Rabu, 29 Januari 2014

Modus Anggota DPR memperkaya diri

Ini Empat Modus Anggota DPR Minta "Jatah"



JAKARTA, KOMPAS.com — Menteri Badan Usaha Milik Negara (BUMN) Dahlan Iskan masih bisa berseloroh menanggapi perselisihannya dengan Dewan Perwakilan Rakyat. Saat dijumpai Kompas.com, sesaat sebelum mengisi acara di KompasTV, Senin (29/10/2012) petang, ia mengungkapkan, praktik kongkalikong antara oknum anggota DPR dan BUMN telah terjadi sejak zaman Majapahit. Ia tampak merenung saat ditanya soal kondisi BUMN sebelum adanya praktik kongkalikong dan permintaan jatah dari oknum anggota DPR ke BUMN terbuka ke publik.  

1. Meminta fasilitas
Dahlan mengatakan, anggota Dewan kerap meminta berbagai fasilitas pada BUMN. Hal ini dilakukan untuk memuluskan sebuah proyek atau kucuran dana tertentu.

2. Meminta proyek
Dalam hal meminta jatah proyek, Dahlan menuturkan, praktik ini tidak hanya dilakukan legislatif, tetapi juga oknum eksekutif kepada jajaran direksi BUMN. Modusnya, untuk pengadaan tertentu yang dilakukan BUMN, oknum-oknum ini "bermain" dengan menitipkan rekanan yang dikenalnya untuk menjadi pemenang tender.

3. Memasukkan pegawai di BUMN
Dahlan mengakui, masih ada oknum-oknum yang berusaha memanfaatkan jabatannya untuk menekan direksi BUMN. Salah satunya adalah dengan berupaya memasukkan sanak keluarganya untuk menjadi pegawai BUMN. Namun, Dahlan menjelaskan, praktik ini bisa dicegah karena BUMN memiliki pola dan peraturan rekrutmennya sendiri.

4. Meminta uang "terima kasih"
Kendati tidak membantah adanya praktik kongkalikong dengan uang terima kasih ini, Dahlan mengaku belum pernah mengalaminya secara langsung.

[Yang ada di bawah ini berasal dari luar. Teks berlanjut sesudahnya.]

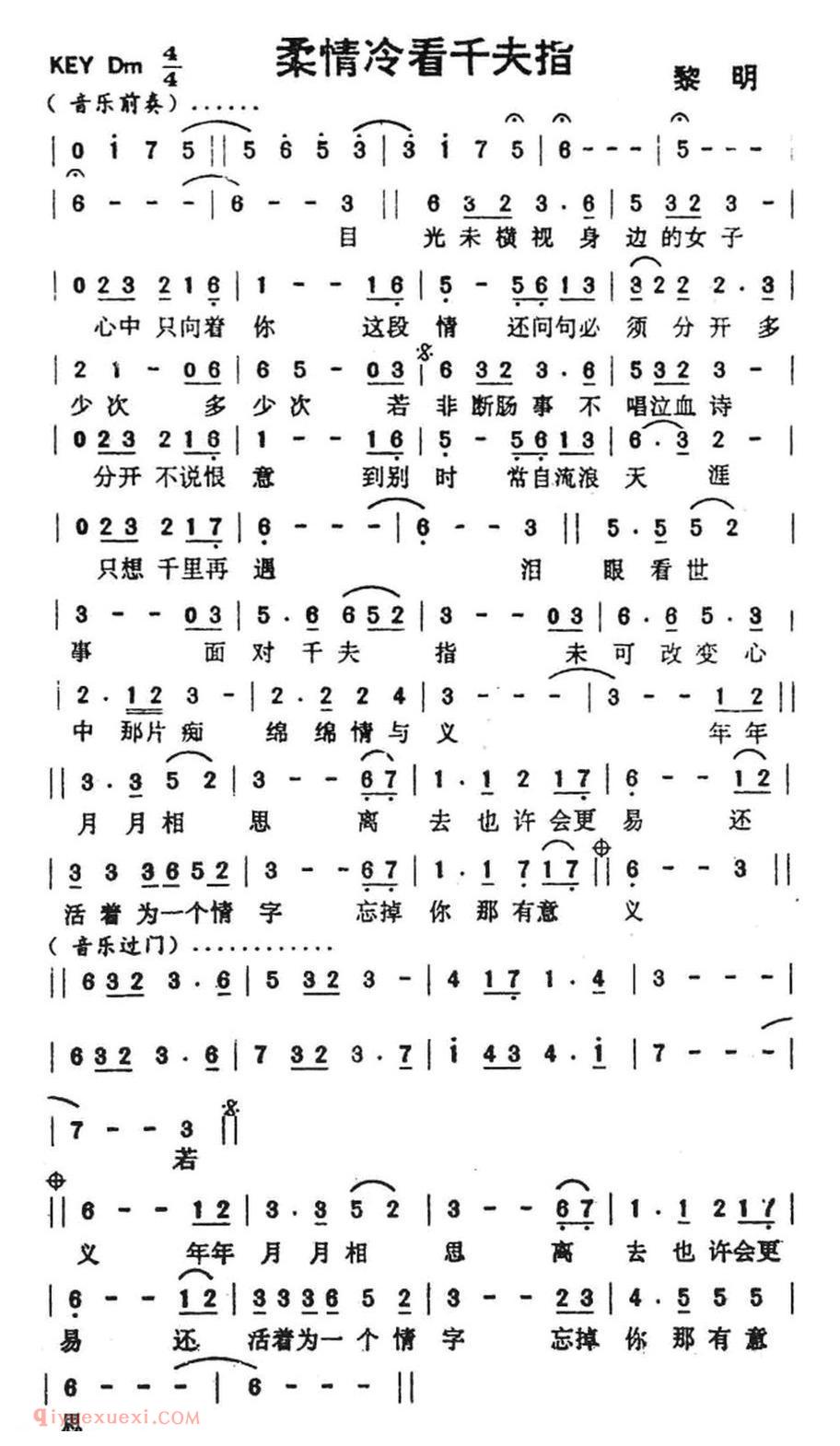 柔情冷看千夫指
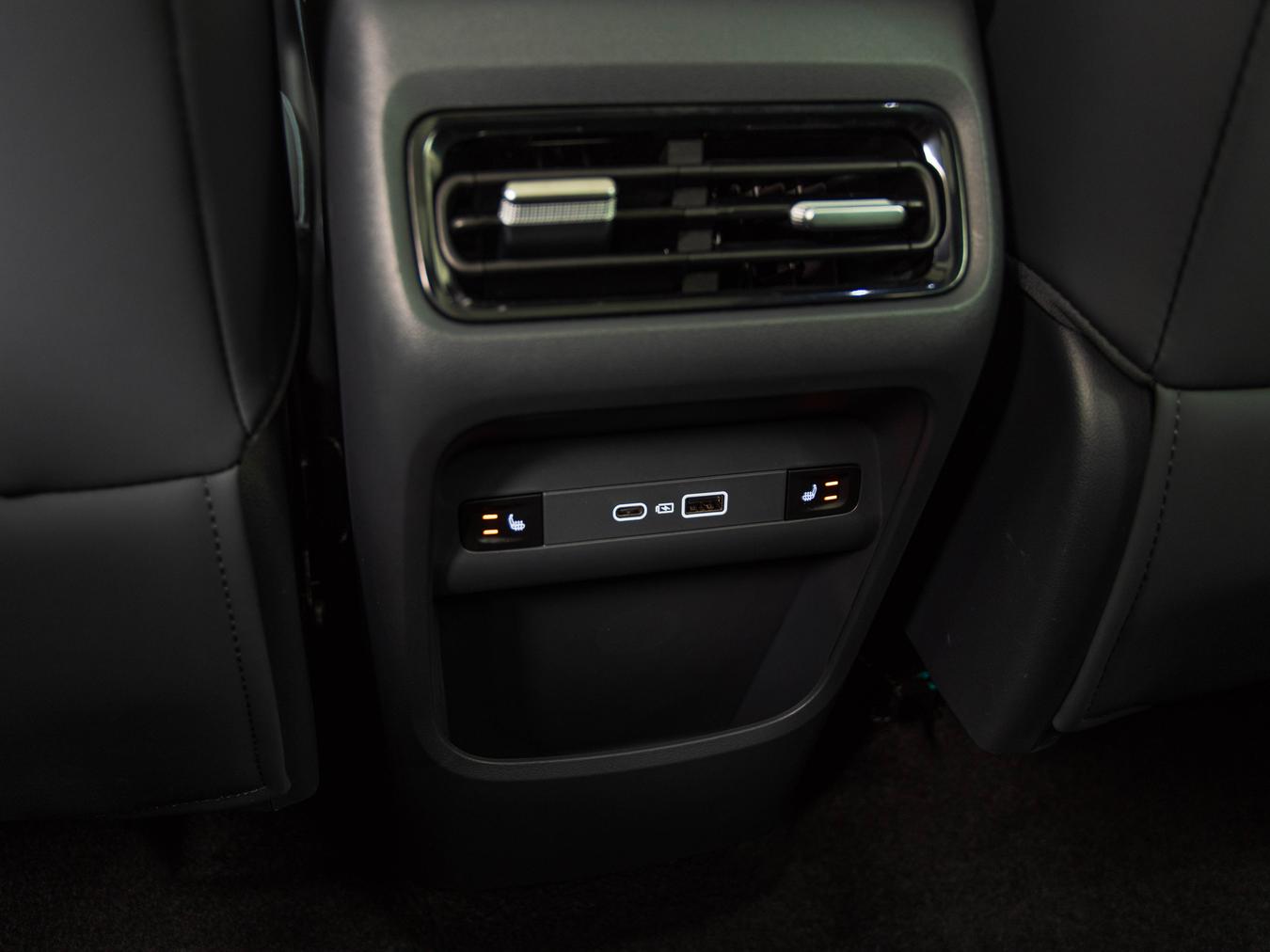Geely Starray EM-i Max+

Namun, Dahlan menjelaskan, ada praktik kongkalikong antara oknum anggota Dewan dan direksi BUMN dengan cara memberikan uang miliaran rupiah kepada anggota DPR.

"Jika cara-cara itu tidak dipenuhi, bisa saja dipersulit. Kalau BUMN dapat dari negara, misalnya, nanti tidak cair. Mereka minta bagian, miliaran rupiahlah," kata Dahlan lagi.

Dalam sesi wawancara dengan KompasTV, Dahlan juga mengakui, praktik-praktik seperti ini hampir terjadi di seluruh BUMN. "Tidak mungkin di kementerian karena hanya mengelola anggaran Rp 100 Miliar. Mereka pasti larinya ke BUMN. Hampir semua BUMN mengalami ini, hanya perbankan yang tidak karena mereka ketat, ada pengawasan dari kementerian sampai BI," ujar Dahlan.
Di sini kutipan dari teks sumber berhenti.